The next issue was the focusing, there is no split image, it seems to be zoned with a needle pointing at the three regular symbols in the viewfinder – that of person, a group of people, and a mountain. When I moved the focusing dial the needle did not alter, that was broke too.

Finally, the winder was stiff and has to be slightly forced back to the original position. What an awesome camera. Though it does seem prettier with the new cover.

I still decided to try it out and loaded a half roll of expired Svema. Mainly keeping the lens set to infinity, here are the results.

Apparently, I used the film before as there are a few double exposure shots. Hmm, they are not the worse result I have got from a test film, especially considering the film is from 1985. This 1966 camera produced acceptable shots despite its condition.

Keep or sell: Sold

Canon Demi

I had a lot of trouble with this camera. First trying to find out which canon demi it is, then getting the thing to work.

I think this is the first version of this camera, introduced in 1963. It is a half frame camera with a selenium meter. The meter on this camera clearly did not work as the meter hardly moved even when I shone a torch on it. I thought I would try half a film in it. The settings seem to work on an EV basis, when you change the aperture the speed also changes. You cannot set them individually. I set the camera to f8 following the sunny 16 rule.

Well, surprise it did work. So I tried anther film.

Well, it was ok, but not great. Even though there are issues with the camera it still doesn’t rock my boat. It just doesn’t feel great to hold or use. Here is some more information about this camera on a great blog.

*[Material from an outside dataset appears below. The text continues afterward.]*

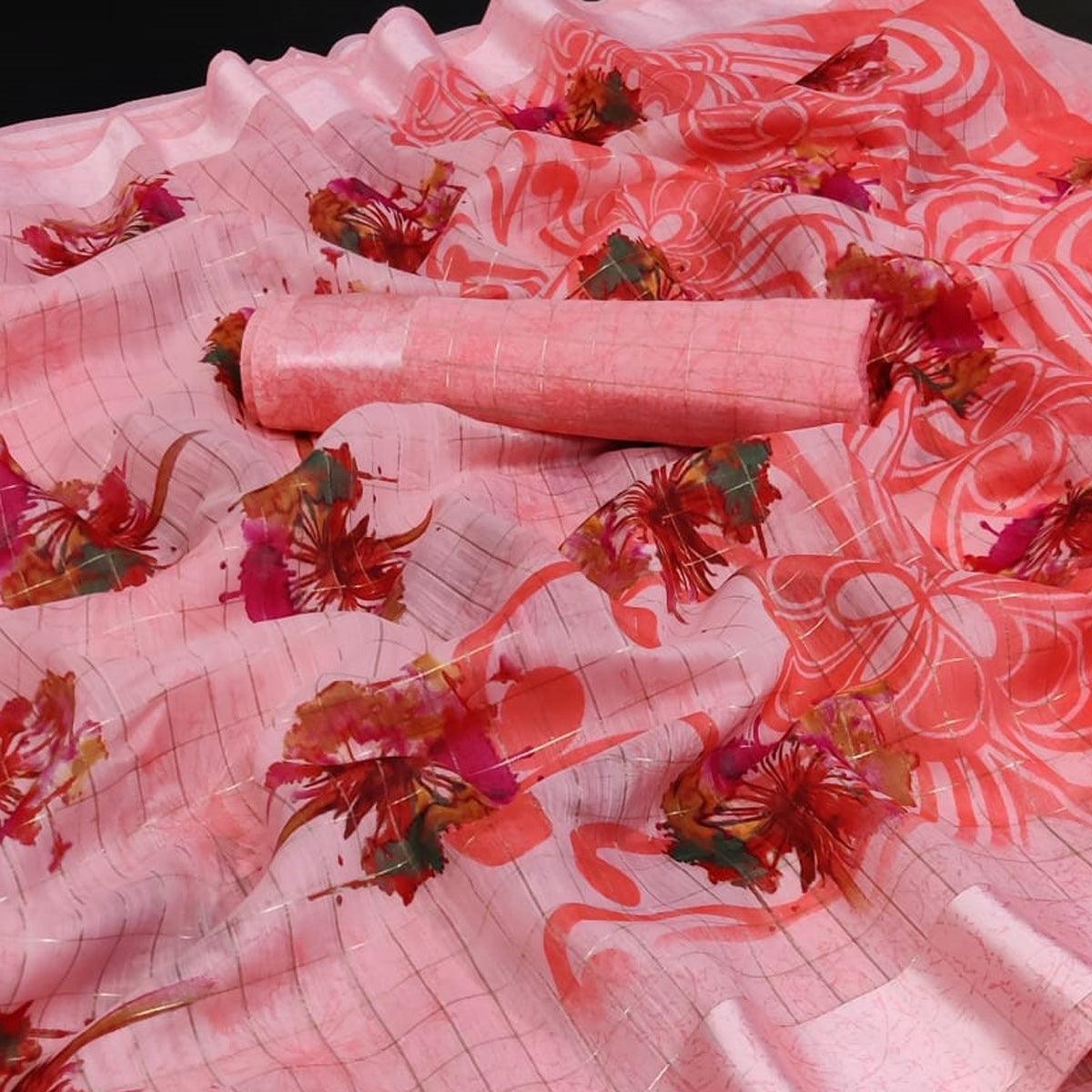 Gajari Pink Casual Wear Floral Print With Zari Checks Cotton Saree - Peachmode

Keep or sell: Already sold.

Canon Demi EE28

This is another one of the cameras I got at the camera fair. I mainly bought it so I could practice reskinning it. As the camera is from 1967 I decided on a rather tacky animal print cover. I also changed the light seals as the originals had completely disintegrated. As you can see I did a very messy job. I guess I knew I would not be keeping it and didn’t really care about it as I have a camera from the Olympus Pen EE series. That being said it is a lovely camera with a nice weight and feel to it. If I didn’t already have a nice one like this I would happily kept it.

As this camera has a selenium photocell it does not need batteries. I didn’t test it with a flash as my test run with it was outside, but it does have a hotshoe on the top. It looks and acts a lot like the Olympus Pen ee series, like those camera this is a half frame. One difference is that instead of a red flag that pops up to stop under or over exposure this camera has a scale in the viewfinder. It has a red section on the top and bottom, mine often still fires if the needle is in those sections, but it serves as a good warning. The other zones are for the speeds 1/30th, 1/60th, 1/125th, 1/300th. There is also an aperture ring, but I kept it on auto

As I had some processing issues lately I decided to use a black and white and process it myself later. It took a while to finish the film as the 36 exposures were turned into 72 by the half frame aspect.

I tried taking shots in a few conditions, such as shooting into the sun. None of the shots were underexposed, but a few were over. One or two were so over exposed that I could not even scan them. For cameras like this the hardest thing to remember is to change the zoned focusing ring because nothing changes through the viewfinder. For the most part I did remember for this camera, mainly because of the scale on the back. I found that really useful.

So here are my test shots. I took them around my home, Tokyo, and Yokohama.

When I scanned the negatives it gave the shots a sepia type hue, I liked it so kept it. You can see that for the most part the exposure is spot on and they are as sharp as a button..since when are buttons sharp??

My final verdict, I recommend this camera if you can find one.